:: WORK TO BE COMPLETED ::
Look below for the line containing "Emro Architectural Concealed" and the line containing "2x 6'' Air Orbital"; repeat exactly those two lines and all lines between them, and nothing else.

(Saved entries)
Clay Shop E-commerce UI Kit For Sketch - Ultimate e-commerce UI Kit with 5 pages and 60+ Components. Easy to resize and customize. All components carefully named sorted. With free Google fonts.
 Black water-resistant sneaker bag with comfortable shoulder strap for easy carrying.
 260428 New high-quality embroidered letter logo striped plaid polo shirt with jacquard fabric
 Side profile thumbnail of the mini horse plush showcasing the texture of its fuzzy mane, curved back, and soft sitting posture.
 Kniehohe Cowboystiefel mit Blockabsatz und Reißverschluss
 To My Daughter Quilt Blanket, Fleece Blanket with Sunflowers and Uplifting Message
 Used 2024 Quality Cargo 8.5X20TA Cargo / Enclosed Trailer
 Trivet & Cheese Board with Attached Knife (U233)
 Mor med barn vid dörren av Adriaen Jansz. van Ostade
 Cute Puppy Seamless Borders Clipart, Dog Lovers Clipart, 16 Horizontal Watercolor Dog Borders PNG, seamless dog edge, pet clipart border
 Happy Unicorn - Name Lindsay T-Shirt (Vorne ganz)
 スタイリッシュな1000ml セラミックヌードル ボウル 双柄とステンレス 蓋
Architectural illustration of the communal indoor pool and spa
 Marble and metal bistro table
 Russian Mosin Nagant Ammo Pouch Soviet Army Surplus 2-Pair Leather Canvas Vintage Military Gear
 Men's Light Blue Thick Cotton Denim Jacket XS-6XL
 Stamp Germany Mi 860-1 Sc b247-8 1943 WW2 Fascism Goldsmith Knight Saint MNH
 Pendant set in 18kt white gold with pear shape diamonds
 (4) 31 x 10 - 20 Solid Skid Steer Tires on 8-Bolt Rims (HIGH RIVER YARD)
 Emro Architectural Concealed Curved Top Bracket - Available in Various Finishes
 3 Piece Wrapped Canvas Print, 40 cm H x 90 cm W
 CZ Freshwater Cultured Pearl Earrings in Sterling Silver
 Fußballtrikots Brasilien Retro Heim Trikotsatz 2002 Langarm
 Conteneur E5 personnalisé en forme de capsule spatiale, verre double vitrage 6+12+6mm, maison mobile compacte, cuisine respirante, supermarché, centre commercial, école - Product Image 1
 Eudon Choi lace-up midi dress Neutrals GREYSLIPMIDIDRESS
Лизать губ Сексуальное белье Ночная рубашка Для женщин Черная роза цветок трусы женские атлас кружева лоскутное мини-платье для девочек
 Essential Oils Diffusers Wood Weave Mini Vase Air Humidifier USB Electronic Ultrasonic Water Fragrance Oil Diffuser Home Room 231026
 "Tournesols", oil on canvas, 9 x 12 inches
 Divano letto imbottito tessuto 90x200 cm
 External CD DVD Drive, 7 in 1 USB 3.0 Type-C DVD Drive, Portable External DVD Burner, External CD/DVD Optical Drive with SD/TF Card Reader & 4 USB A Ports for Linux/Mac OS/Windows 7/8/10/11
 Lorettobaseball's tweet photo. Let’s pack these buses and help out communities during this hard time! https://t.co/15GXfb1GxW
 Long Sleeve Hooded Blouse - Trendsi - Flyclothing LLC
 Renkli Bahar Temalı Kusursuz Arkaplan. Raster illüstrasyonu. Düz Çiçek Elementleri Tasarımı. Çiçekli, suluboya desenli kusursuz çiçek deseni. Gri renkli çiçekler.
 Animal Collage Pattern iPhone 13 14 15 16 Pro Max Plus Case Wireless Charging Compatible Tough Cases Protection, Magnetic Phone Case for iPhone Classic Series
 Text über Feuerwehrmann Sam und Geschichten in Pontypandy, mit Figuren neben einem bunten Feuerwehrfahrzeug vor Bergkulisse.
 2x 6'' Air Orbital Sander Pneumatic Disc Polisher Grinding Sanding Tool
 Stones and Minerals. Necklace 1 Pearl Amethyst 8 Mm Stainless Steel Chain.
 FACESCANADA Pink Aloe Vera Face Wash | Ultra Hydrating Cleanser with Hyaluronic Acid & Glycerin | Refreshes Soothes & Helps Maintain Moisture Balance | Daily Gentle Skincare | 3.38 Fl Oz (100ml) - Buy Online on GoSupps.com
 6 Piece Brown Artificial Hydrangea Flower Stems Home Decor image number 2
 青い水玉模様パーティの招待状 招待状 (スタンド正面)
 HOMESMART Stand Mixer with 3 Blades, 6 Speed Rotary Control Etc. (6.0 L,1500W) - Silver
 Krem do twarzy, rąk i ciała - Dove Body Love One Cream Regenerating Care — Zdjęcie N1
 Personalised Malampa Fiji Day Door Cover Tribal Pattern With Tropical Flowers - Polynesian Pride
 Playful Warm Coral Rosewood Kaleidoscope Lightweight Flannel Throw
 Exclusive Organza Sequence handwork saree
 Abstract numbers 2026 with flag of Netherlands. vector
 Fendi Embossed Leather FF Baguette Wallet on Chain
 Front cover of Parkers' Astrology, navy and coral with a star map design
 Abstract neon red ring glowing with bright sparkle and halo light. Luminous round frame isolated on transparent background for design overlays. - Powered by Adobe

:: ANSWER TO THIS TASK ::
 Emro Architectural Concealed Curved Top Bracket - Available in Various Finishes
 3 Piece Wrapped Canvas Print, 40 cm H x 90 cm W
 CZ Freshwater Cultured Pearl Earrings in Sterling Silver
 Fußballtrikots Brasilien Retro Heim Trikotsatz 2002 Langarm
 Conteneur E5 personnalisé en forme de capsule spatiale, verre double vitrage 6+12+6mm, maison mobile compacte, cuisine respirante, supermarché, centre commercial, école - Product Image 1
 Eudon Choi lace-up midi dress Neutrals GREYSLIPMIDIDRESS
Лизать губ Сексуальное белье Ночная рубашка Для женщин Черная роза цветок трусы женские атлас кружева лоскутное мини-платье для девочек
 Essential Oils Diffusers Wood Weave Mini Vase Air Humidifier USB Electronic Ultrasonic Water Fragrance Oil Diffuser Home Room 231026
 "Tournesols", oil on canvas, 9 x 12 inches
 Divano letto imbottito tessuto 90x200 cm
 External CD DVD Drive, 7 in 1 USB 3.0 Type-C DVD Drive, Portable External DVD Burner, External CD/DVD Optical Drive with SD/TF Card Reader & 4 USB A Ports for Linux/Mac OS/Windows 7/8/10/11
 Lorettobaseball's tweet photo. Let’s pack these buses and help out communities during this hard time! https://t.co/15GXfb1GxW
 Long Sleeve Hooded Blouse - Trendsi - Flyclothing LLC
 Renkli Bahar Temalı Kusursuz Arkaplan. Raster illüstrasyonu. Düz Çiçek Elementleri Tasarımı. Çiçekli, suluboya desenli kusursuz çiçek deseni. Gri renkli çiçekler.
 Animal Collage Pattern iPhone 13 14 15 16 Pro Max Plus Case Wireless Charging Compatible Tough Cases Protection, Magnetic Phone Case for iPhone Classic Series
 Text über Feuerwehrmann Sam und Geschichten in Pontypandy, mit Figuren neben einem bunten Feuerwehrfahrzeug vor Bergkulisse.
 2x 6'' Air Orbital Sander Pneumatic Disc Polisher Grinding Sanding Tool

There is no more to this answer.